Setelah abad ke-20 sejarah sastra didominasi oleh karya sastra, kemudian di
dominasi oleh pembaca pada sebagian abad selanjutnya. Pada abad ke-19 karya
sastra hanya berfungsi sebagai sarana untuk memahami pengarang dan kebudayaan
yang lebih luas. Awal abad ke-20 terjadi pergeseran dari sastra yang sebagai
sarana kepada sastra sebagai dunia yang otonom sehingga sastra dapat disusun
atas dasar perkembangan struktur intrinsiknya. Kemudian disusul dengan hadirnya
peranan pembaca setelah pemahaman terhadap karya sastra mendominasi.
PENGERTIAN
SOSIOLOGI PEMBACA
Sosiologi pembaca merupakan salah satu model kajian
sosiologi sastra yang memfokuskan perhatian kepada hubungan antara karya sastra
dengan pembaca. Menurut Wellek dan Warren (1994),
hal-hal yang menjadi wilayah
kajian sosiologi pembaca antara lain adalah permasalahan pembaca dan
dampak sosial karya sastra, serta sejauh mana karya sastra ditentukan atau bergantung dari latar sosial, perubahan, dan perkembangan sosial. Sedangkan
menurut Ian Watt (Dalam Damono, 1984), sosiologi pembaca juga mengkaji fungsi sosial sastra dan
mengkaji sampai seberapa jauh nilai sastra berkaitan dengan nilai
sosial. Jadi, berdasarkan pendapat tokoh tersebut, hal-hal
yang menjadi kajian sosiologi pembaca, yaitu dampak sosiologis karya sastra
terhadap pembaca dan fungsi sosial karya sastra.
PERMASALAHAN PEMBACA
Pembaca merupakan audiens yang dituju oleh pengarang dalam menciptakan karya
sastranya. Dalam hubungannya dengan masyarakat pembaca atau publiknya, menurut
Wellek dan Warren (1994), seorang sastrawan tidak hanya mengikuti selera
publiknya atau pelindungnya, tetapi juga dapat menciptakan publiknya.
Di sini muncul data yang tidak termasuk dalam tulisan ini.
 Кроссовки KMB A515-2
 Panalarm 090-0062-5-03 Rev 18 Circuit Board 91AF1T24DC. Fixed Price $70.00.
Menurutnya, banyak sastrawan yang melakukan hal tersebut, misalnya penyair
Coleridge. Sastrawan baru, harus menciptakan cita rasa baru untuk dinikmati
oleh publiknya.
Beberapa sastrawan Indonesia, juga memiliki publik
yang berbeda-beda, sesuai dengan aliran sastra, gaya bahasa, serta isi karya
sastranya. Iwan Simatupang, Budi Darma, dan Putu Wijaya memiliki publik pembaca
yang berbeda dengan Umar Kayam, Ahmad Tohari, atau pun Pramudya Ananta Toer.
Karya-karya Iwan Simatupang, Budi Darma, dan Putu Wijaya yang berkecenderungan
beraliran surealistis, inkonvensional, dan penuh dengan renungan filosofi
mengenai hidup manusia, lebih sesuai untuk publik yang memiliki latar
belakang intelektual perguruan tinggi dan kompetensi sastra yang relatif tinggi.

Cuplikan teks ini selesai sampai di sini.